Membimbing Shashi untuk lebih percaya diri terlepas dari ketidakmampuannya
berbahasa Inggris. Pria itu adalah Amitha Batchan, si legenda sinema India yang
hadir sebagai simbol nasionalisme India yang percaya diri melalui percakapan
sederhana di ruang imigrasi, ‘Saya ke Amerika untuk membantu kalian,’ kata
Amitha dengan santai pada petugas imigrasi. ‘Kamu tahu, menghabiskan sedikit
dolar untuk memulihkan perekonomian kalian’ pungkasnya.
Cerita selanjutnya
terjadi di New York. Shashi yang takjub dan gagap pada modernitas New York yang
tak pernah ia temui. Shashi yang diterima baik dan dikenalkan pada hiruk pikuk
si apel besar oleh keluarganya. Namun ia tetap merasakan hal yang sama. Ia
merasa berada di luar lingkaran ketika keluarganya mulai berbincang dalam
bahasa Inggris. Ini tidak pernah terpikirkan, tapi tragedi
memalukan yang emosional di sebuah kafe mengantarkan Shashi untuk nekat
mengikuti kursus bahasa Inggris secara diam-diam.
Shashi jelas murid
yang berbakat dan kritis. Sepanjang belajar, Shashi bergaul dengan orang dari
berbagai latar belakang. Koki dari Prancis, supir taksi asal Pakistan, pengasuh
bayi orang Meksiko, dan lainnya dengan konflik masing-masing. Membuatnya tahu
jika aktifitas berjualan ladoo yang dikerjakannya adalah profesi entrepreneur. 'Small business' kata Shashi. Bukan pekerjaan tak berharga sebagaimana anggapan sang suami.
Sepanjang plot ini
kita akan disajikan pada kritik-kritik yang disampaikan oleh Shashi melalui
kegelisahaan dan keluhan. Semuanya tersampaikan seolah tanpa sadar. Shashi secara
reflektif berkata, ‘Ketika dikerjakkan oleh laki-laki, makanan adalah seni.

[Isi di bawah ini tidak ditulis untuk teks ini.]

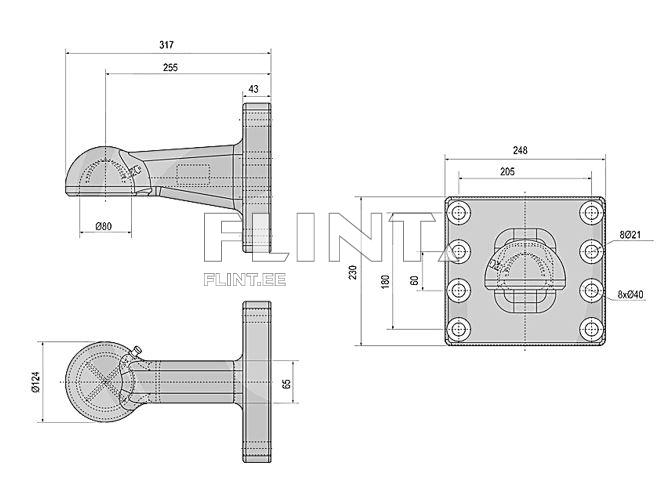 Towing eye ball coupling Scharmueller 00.650.96.0 K80® (205x180) Samson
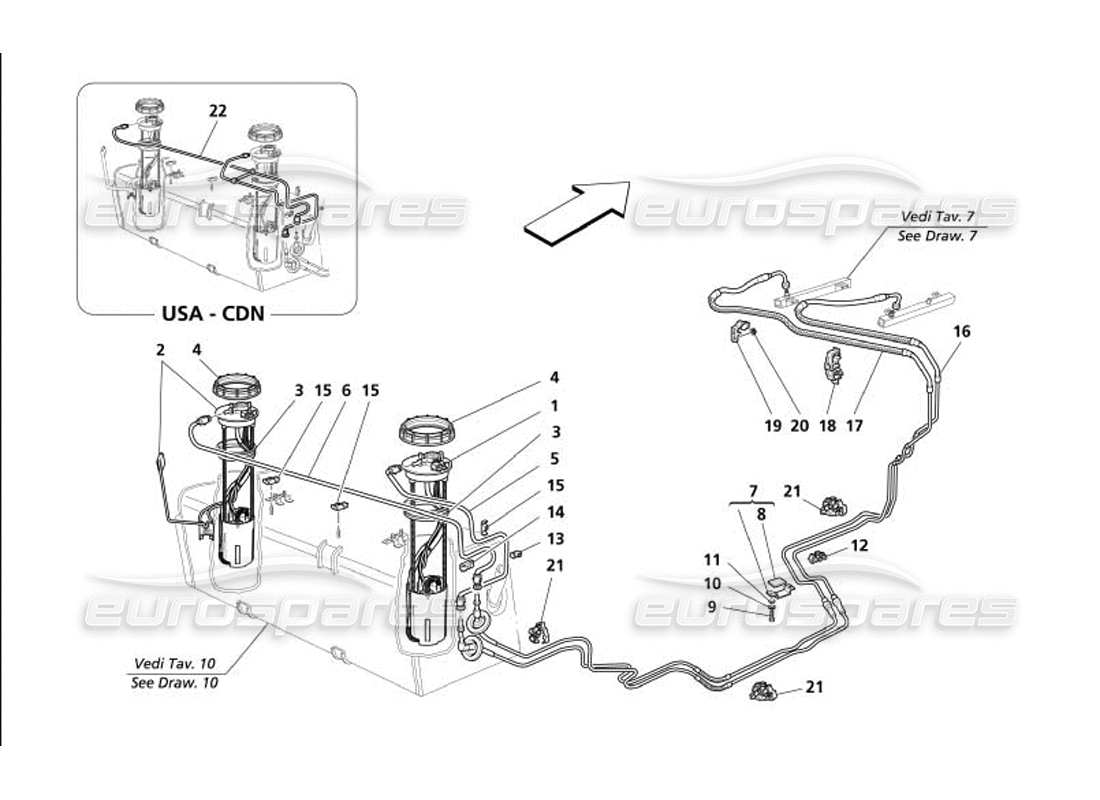 maserati 4200 coupe (2005) fuel pump and pipes part diagram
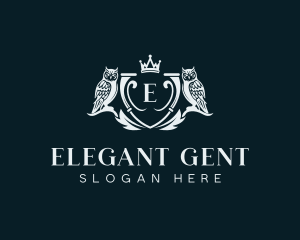 Elegant Owl Crest logo design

Tetapi ketika dikerjakkan oleh perempuan, itu adalah sesuatu yang biasa’.
Sebagai lelaki yang dibesarkan dalam nilai-nilai kesetaraan tinggi di Prancis,
Laurent yang menjadi pendengar keluhan Shashi menolak anggapan Shashi dan menilai kemampuan yang dimiliki Shashi sama berharganya seperti
profesi lain tanpa mengenal jenis kelamin.
Apa yang secara
jelas ditekankan oleh Gauri adalah, bahasa bukan alat untuk mengubah identitas
Shashi sebagai orang India. Gauri hanya menempatkan bahasa agar peran-peran
yang diambil oleh Shashi lebih dihargai. Terutama oleh keluarganya. Gauri juga berusaha mengikis steretipe tentang citra perempuan tradisional India yang dinilai kolot. Semua
diraih Shashi tanpa merendahkan. Shashi bahkan tetap memakai sari sepanjang
film. Simbol bahwa Shashi tidak berambisi mengubah identitas keindiannya
sekalipun ia sudah mahir bahasa Inggris dan berani menyusuri New York
sendirian.
Dalam idenya yang
sederhana, English Vinglish hadir menjadi film kritis yang tersaji secara santai.
Kita akan menyadari bahwa selera
bercanda yang kita anggap sepele dan biasa nyatanya menggambarkan pola pikir
kita pada sesuatu.
Bagi Sridevi yang
sudah ‘cuti’ selama 15 tahun, English Vinglish jadi film comeback cerdas. Saya seperti melihat transformasi Sridevi dari
beberapa era perfilman India hanya dalam film English Vinglish. Sebelum
meninggal pada Februari 2018 lalu, Sridevi bermain dalam dua film.